Sinisterly
WordPress's WooCommerce Fixes SQL Injection - Printable Version

+- Sinisterly (https://sinister.ly)
+-- Forum: General (https://sinister.ly/Forum-General)
+--- Forum: World News (https://sinister.ly/Forum-World-News)
+--- Thread: WordPress's WooCommerce Fixes SQL Injection (/Thread-WordPress-s-WooCommerce-Fixes-SQL-Injection)

WordPress's WooCommerce Fixes SQL Injection - Dismas - 07-25-2021

Looks like input sanitization practices are still bad, even though it's 2021. Many websites run this plugin and it's likely that a good portion still need to be updated.

Quote:WooCommerce, the popular e-commerce plugin for the WordPress content management system has been updated to patch a serious vulnerability that could be exploited without authentication.

Administrators are urged to install the latest release of the platform as the flaw affects more than 90 versions starting with 5.5.0.

Owned by Automattic, the company behind the WordPress.com blogging service, the WooCommerce plugin has more than five million installations.

Read More: https://www.bleepingcomputer.com/news/security/woocommerce-fixes-vulnerability-exposing-5-million-sites-to-data-theft/

RE: WordPress's WooCommerce Fixes SQL Injection - mothered - 07-25-2021

Quote:Looks like input sanitization practices are still bad, even though it's 2021
It's the very first thing that should be Implemented to help protect against SQLi.
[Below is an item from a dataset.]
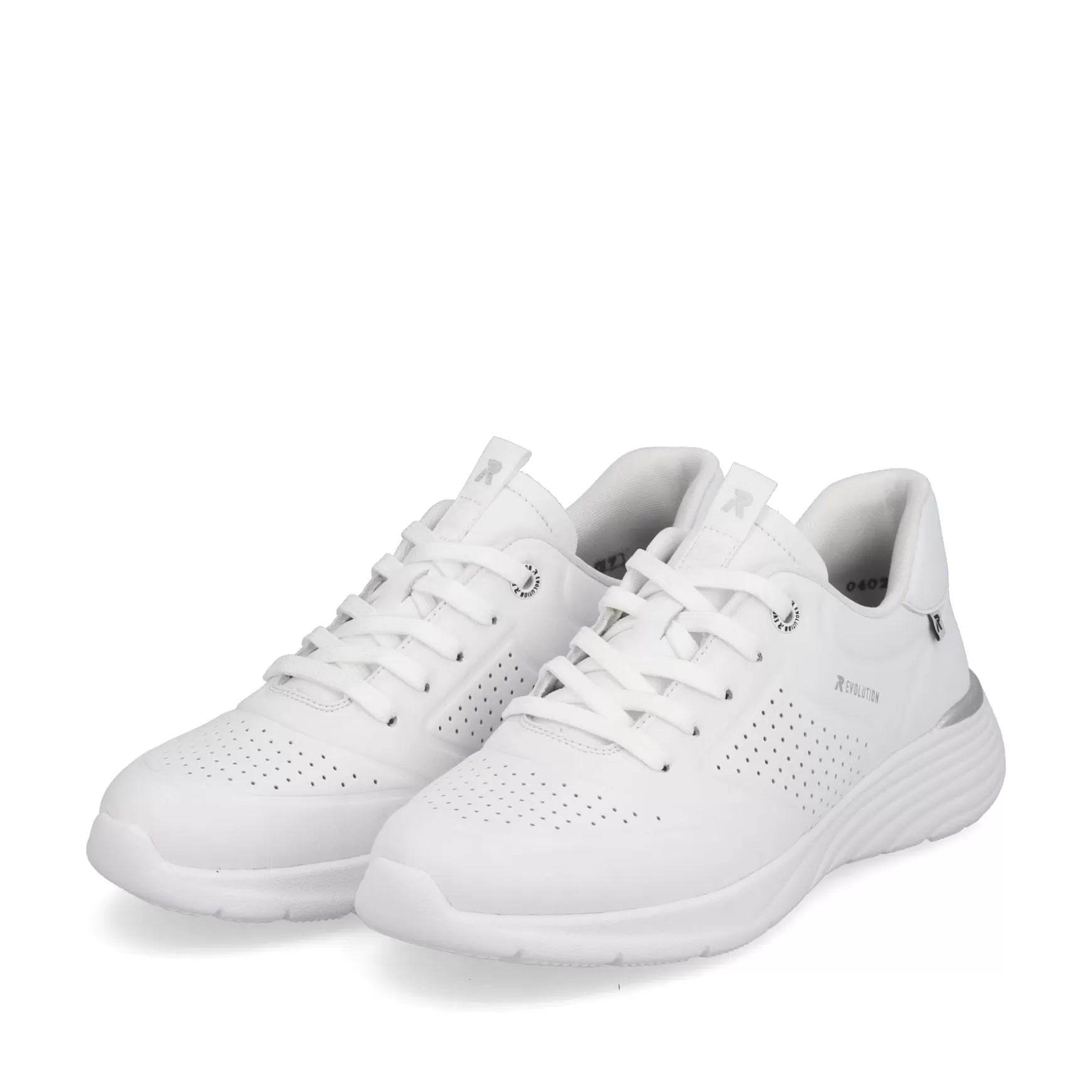 Damer Rieker Sneakers^ Dame Sneaker Lav Krystal Hvid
You'd think In this day and age, It'd be standard practice with entities who operate on a medium to large scale.

RE: WordPress's WooCommerce Fixes SQL Injection - Alex1759 - 07-25-2021

That will stop the majority of automated hacks but the cleverer targeted hacks are a little harder to stop.

RE: WordPress's WooCommerce Fixes SQL Injection - Spooky - 07-25-2021

After all it is a free service, you get what you pay for. You would think that software/plugin secuirty would be a top priority considering its an e-commerce platform. SMH

RE: WordPress's WooCommerce Fixes SQL Injection - Mr.Kurd - 07-26-2021

I'm not really surprised after seeing Developers who still save passwords without hashing in database.

RE: WordPress's WooCommerce Fixes SQL Injection - mothered - 07-26-2021

(07-25-2021, 06:54 PM)Alex1759 Wrote: That will stop the majority of automated hacks but the cleverer targeted hacks are a little harder to stop.
Yes, It certainly will not prevent exploitation In Its entirety, but any form of protection Is better than nothing at all.